Monday, Nov. 11, 1974

Holiday Without Joy

There was a singularly urgent tone to President Nguyen Van Thieu's National Day radio address last week. He warned that the combination of an unruly opposition in the South and continued North Vietnamese military attacks could "lead the country into the hands of Communism." The remark was a lightly veiled threat by the President that he would no longer tolerate the massive demonstrations of South Viet Nam's aggressive, Catholic-led resistance that began in September and have since brought his government to its most serious political crisis in years.

Earlier in the week, Thieu, a Roman Catholic convert, had tried to appease his opponents by firing the notoriously corrupt commanders of three of the country's four military "corps." Among those busted was General Nguyen Vinh Nghi, of IV Corps (the Mekong Delta), who has long been suspected of pocketing the salaries of some 36,000 "phantom troops"--men who are on the payroll but nowhere else in the military. Thieu also cashiered 377 corrupt officers and dismissed four Cabinet ministers, including his cousin and confidant, Information Minister Hoang Due Nha, 32, who was responsible for censoring (and often confiscating) Saigon's Vietnamese-language newspapers.

Had these reforms come a month sooner, they might have defused the protest movement (TIME, Sept. 30), which is led by a genial, chain-smoking Catholic priest, Father Tran Huu Thanh, 59. But by last week the opposition had grown so strong that it was not about to accept cosmetic changes. Informed of the sackings, Father Thanh declared, "These are just the hors d'oeuvres."

More Protest. Next day 5,000 Catholics were scheduled to march from the suburb of Gia Dinh to central Saigon, where they would join with other protesting groups. None of them made it. In Gia Dinh, would-be paraders awoke to discover their district surrounded by a police line.
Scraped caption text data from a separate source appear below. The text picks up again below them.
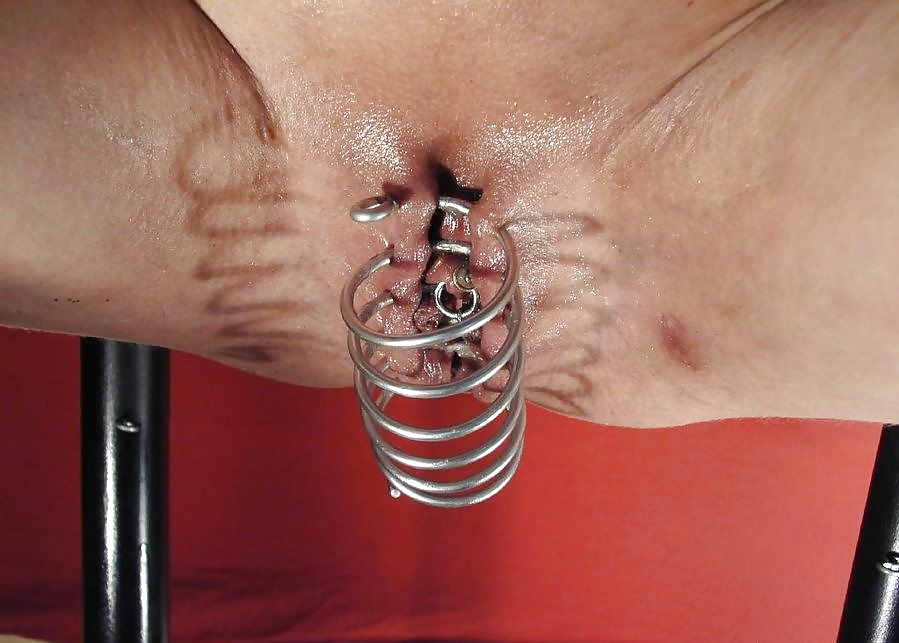 Nipple piercing anal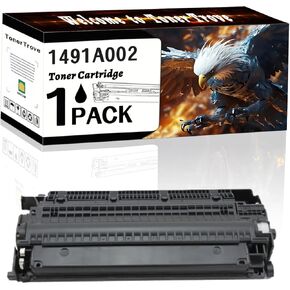 1491A002 TONER CARTRIDGE متوافق مع Canon PC400 PC420 PC425 PC428 PC430 PRINTERS ، الطباعة المكتبية سهلة على نحو سلس (4 حزمة أسود) in Kuwait
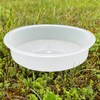 Selections Bird Bath Bowl for Metal Bird Feeding Stations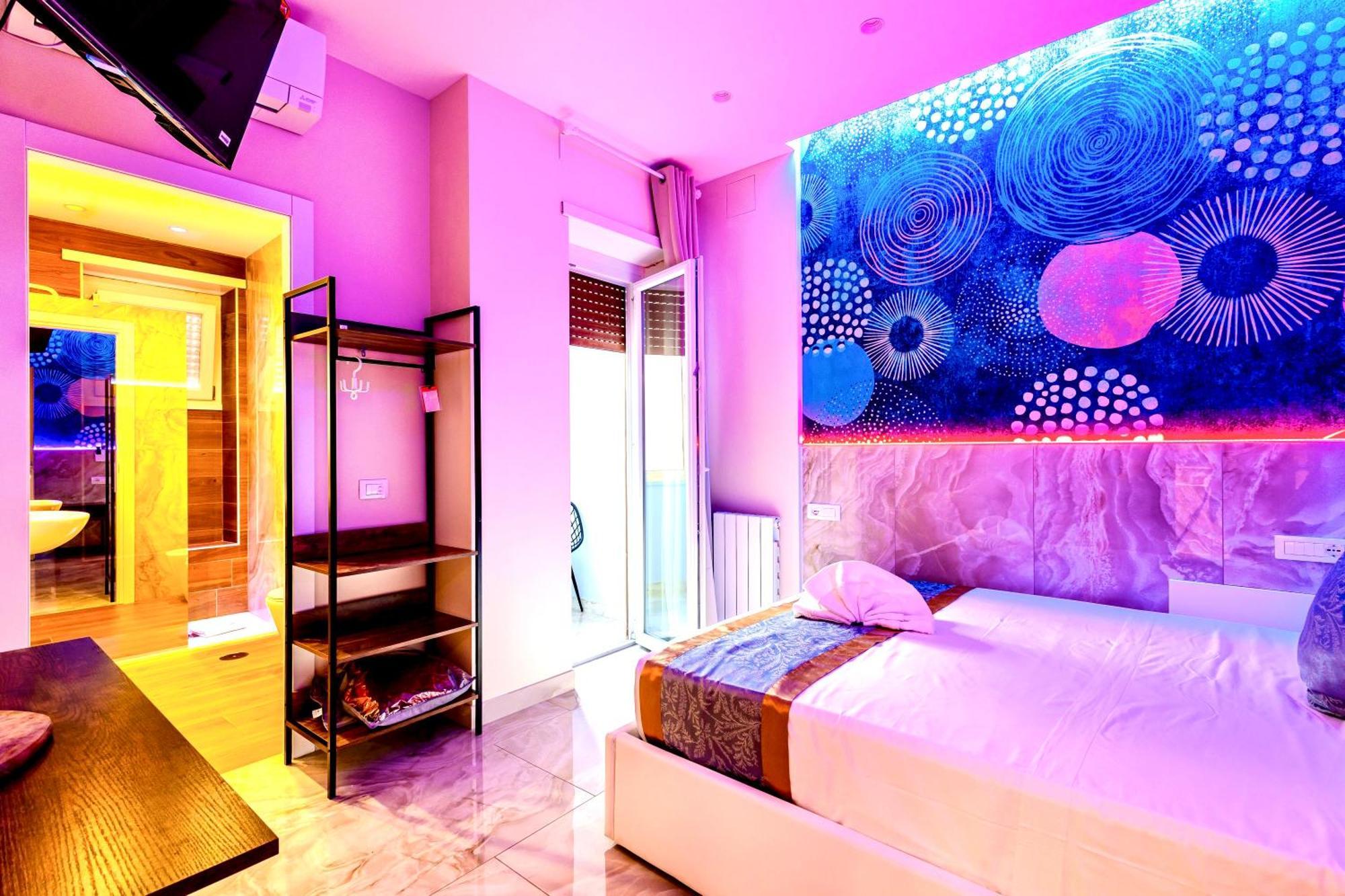 Bed Cinecittadue Bed and breakfast *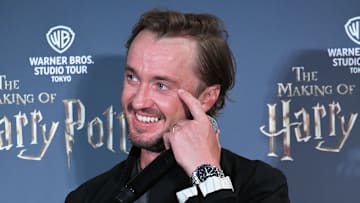 Celebrities Attend Opening Red Carpet For Warner Bros. Studio Tour Tokyo – The Making of Harry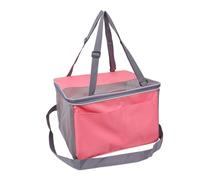 Mllepjdh Grand siège de transport pour chats - Lit pour chiens et chats - Siège de voyage en plein air pour chats - Lit de voyage en plein air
They tried to march anyway. In the melee, police smashed Father Thanh's glasses and bloodied his face. By week's end scores more had been injured. Eleven opposition legislators were beaten and one was arrested. The Viet Nam Press Club was raided by police, who rounded up 28 newsmen and trucked them to jail.

Most of those arrested were released by the end of the holiday. Nonetheless, the opposition is now so embittered that further protests are likely, despite the President's surprise announcement in his address that he would not run for a third term next October. Until then though, he warned, "the government will preserve security and public order to the maximum."